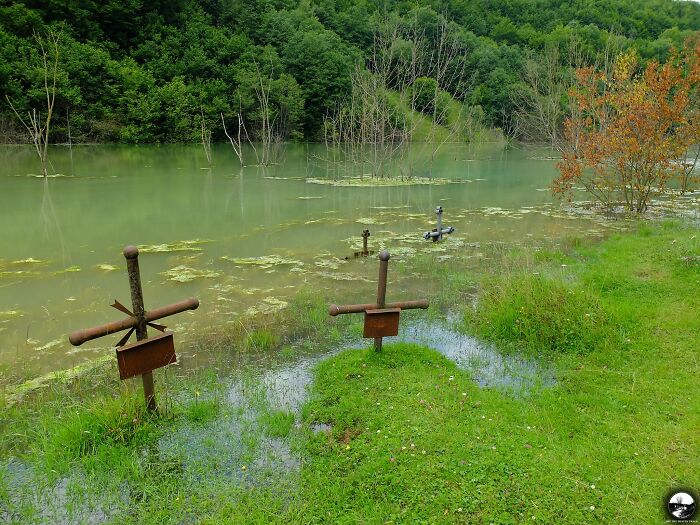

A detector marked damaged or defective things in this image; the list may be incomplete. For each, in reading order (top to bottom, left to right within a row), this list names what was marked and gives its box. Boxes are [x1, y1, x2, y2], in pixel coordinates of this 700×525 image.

rusty iron cross [68, 246, 198, 410]
corroded metal sign [116, 330, 176, 378]
rusty iron cross [330, 251, 430, 350]
corroded metal sign [360, 308, 400, 336]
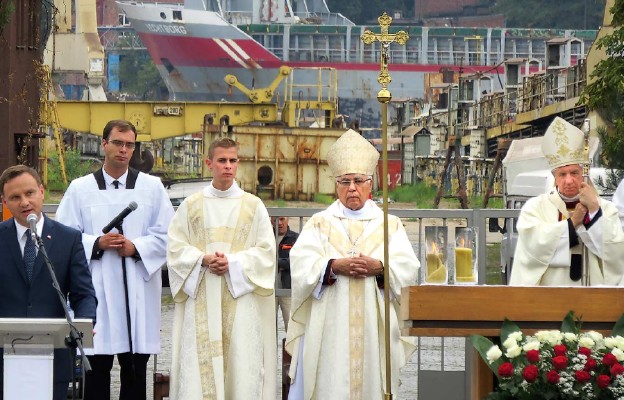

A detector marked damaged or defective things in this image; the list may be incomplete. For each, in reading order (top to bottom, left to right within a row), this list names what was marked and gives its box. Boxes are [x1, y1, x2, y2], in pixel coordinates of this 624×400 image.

rusty metal structure [0, 1, 51, 173]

---*---

EXERCISE INSTRUCTIONS: Exactly the lines from the one with "this 624×400 image." through the end of the entries, both included, should be written out, and no others.

RESPONSE:
A detector marked damaged or defective things in this image; the list may be incomplete. For each, in reading order (top to bottom, left to right within a row), this list names what was marked and gives its box. Boxes are [x1, y1, x2, y2], in pixel coordinates of this 624×400 image.

rusty metal structure [0, 1, 51, 173]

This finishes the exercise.